We also explicitly welcome submissions from a diverse range of related fields, including mechanistic interpretability, causal inference, formal methods, and program synthesis. The special issue seeks to foster a cross-community dialogue on the shared challenges and opportunities in creating AI systems whose reasoning processes are open to inspection, verification, and human-level understanding.
Topics of Interest
We invite submissions of high-quality, original research on topics including, but not limited to:
- Interpretable Representations: Probing and aligning latent neural representations with human-interpretable concepts, structures, or programs.
- Knowledge Extraction: Inducing explicit symbolic knowledge, such as logical rules or programs, that faithfully captures the behavior of a trained neural model.
- Mechanistic Interpretability: Using symbolic methods to guide, constrain, or verify the discovery of concepts and functional circuits in neural networks.
- Explanations over Structured Data: Generating faithful explanations for models operating over graphs (e.g., GNNs) or knowledge bases by extracting symbolic patterns or logical sub-structures.
- Causal Learning and Explanation: Architectures and methods that integrate causal modeling with deep learning to produce robust causal explanations.
- Formal Verification for Explainability: Applying formal methods to certify the faithfulness or logical consistency of explanations for neural-based systems.
- Transparent-by-Design Models: Novel architectures that are inherently interpretable by virtue of their hybrid neuro-symbolic design.
- Generating Structured Explanations: Moving beyond common feature attribution methods (e.g., LIME/SHAP) to generate more expressive explanations, such as counterfactuals constrained by symbolic knowledge or natural language justifications grounded in logic.
- Foundations of Evaluation: Development of novel benchmarks, datasets, and rigorous protocols for evaluating the fidelity and quality of symbolic explanations.
Important Dates
- Paper Submission Deadline: February 28, 2026. Papers submitted earlier will enter review immediately.
- Author Notification: 6-8 weeks (on a rolling basis)
Guest Editors
- Gustav Šír, Czech Technical University, Czechia
- Giuseppe Marra, KU Leuven, Belgium
- Roberto Confalonieri, University of Padova, Italy
Contact email for the guest editors: x-nesy@googlegroups.com
Author Guidelines:
We invite full papers, dataset descriptions, survey papers, application reports and reports on tools and systems.
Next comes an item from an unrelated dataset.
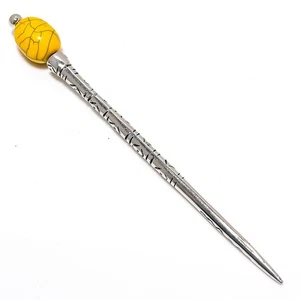 Turquoise Yellow Gemstone 925 Sterling Silver Handmade Jewelry Hair Pin Stud O00 - Picture 1 of 6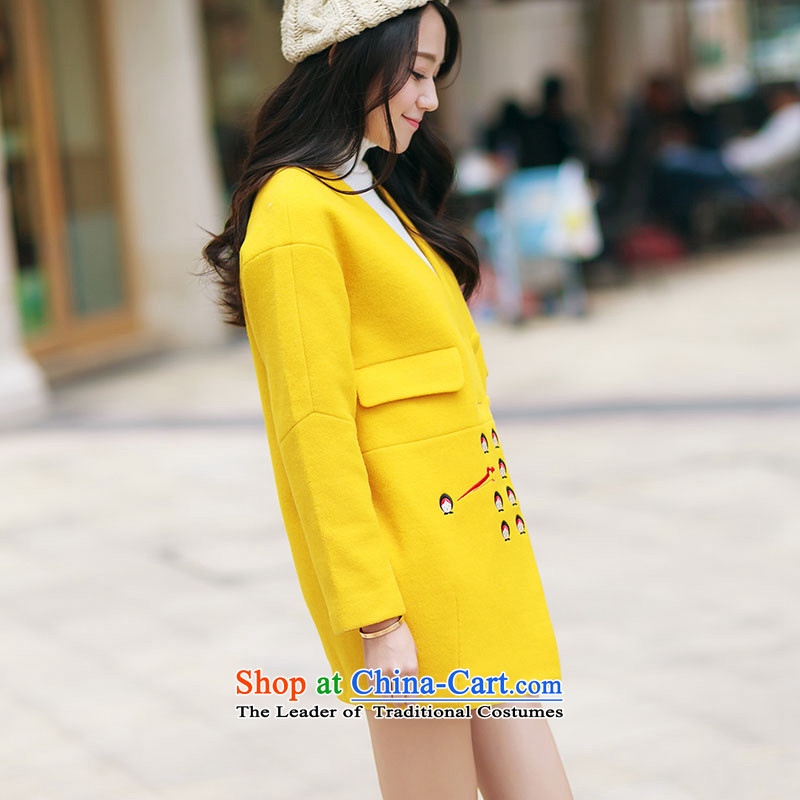 Christy Love 2015 autumn and winter new Korean embroidery? thick coat callus because Gross transition in long a wool coat women 3090 kaffir lime yellow S pre-sale on November 5, Christy Love , , , shopping on the Internet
Submissions must be original and should not have been published previously or be under consideration for publication while being evaluated for this special issue. Authors can extend previously published conference or workshop papers - see the submission guidelines at https://neurosymbolic-ai-journal.com/content/author-guidelines for details. Submissions shall be made through the journal website at https://neurosymbolic-ai-journal.com/. Prospective authors must take notice of the submission guidelines posted at https://neurosymbolic-ai-journal.com/content/author-guidelines.
Note that you need to request an account on the website for submitting a paper. Please indicate in the cover letter that it is for the "Special Issue on X-NeSy". All manuscripts will be reviewed based on the journal's open and transparent review policy and will be made available online during the review process.